The use and limits of scientific names in biological informatics.
In: Michel E (Ed.) Anchoring Biodiversity Information: From Sherborn to the 21st century and beyond.
ZooKeys, 2016, 550: 207-223.
doi: 10.3897/zookeys.550.9546
http://zookeys.pensoft.net
http://zoobank.org/A812E05B-5DC3-4BE0-9551-79A80A3B99C8



Ôàéë PDF: remsen_2016_scientific_names_in_biological_informatics.pdf



Abstract


Scientific names serve to label biodiversity information: information related to species. Names, and their underlying taxonomic definitions, however, are unstable and ambiguous. This negatively impacts the utility of names as identifiers and as effective indexing tools in biological informatics where names are commonly utilized for searching, retrieving and integrating information about species. Semiotics provides a general model for describing the relationship between taxon names and taxon concepts. It distinguishes syntactics, which governs relationships among names, from semantics, which represents the relations between those labels and the taxa to which they refer. In the semiotic context, changes in semantics (i.e., taxonomic circumscription) do not consistently result in a corresponding and reflective change in syntax. Further, when syntactic changes do occur, they may be in response to semantic changes or in response to syntactic rules. This lack of consistency in the cardinal relationship between names and taxa places limits on how scientific names may be used in biological informatics in initially anchoring, and in the subsequent retrieval and integration, of relevant biodiversity information.
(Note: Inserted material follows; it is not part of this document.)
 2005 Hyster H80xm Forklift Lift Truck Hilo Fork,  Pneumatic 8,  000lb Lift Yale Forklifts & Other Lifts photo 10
Precision and recall are two measures of relevance. In biological taxonomy, recall is negatively impacted by changes or ambiguity in syntax while precision is negatively impacted when there are changes or ambiguity in semantics. Because changes in syntax are not correlated with changes in semantics, scientific names may be used, singly or conflated into synonymous sets, to improve recall in pattern recognition or search and retrieval. Names cannot be used, however, to improve precision. This is because changes in syntax do not uniquely identify changes in circumscription.


These observations place limits on the utility of scientific names within biological informatics applications that rely on names as identifiers for taxa. Taxonomic systems and services used to organize and integrate information about taxa must accommodate the inherent semantic ambiguity of scientific names.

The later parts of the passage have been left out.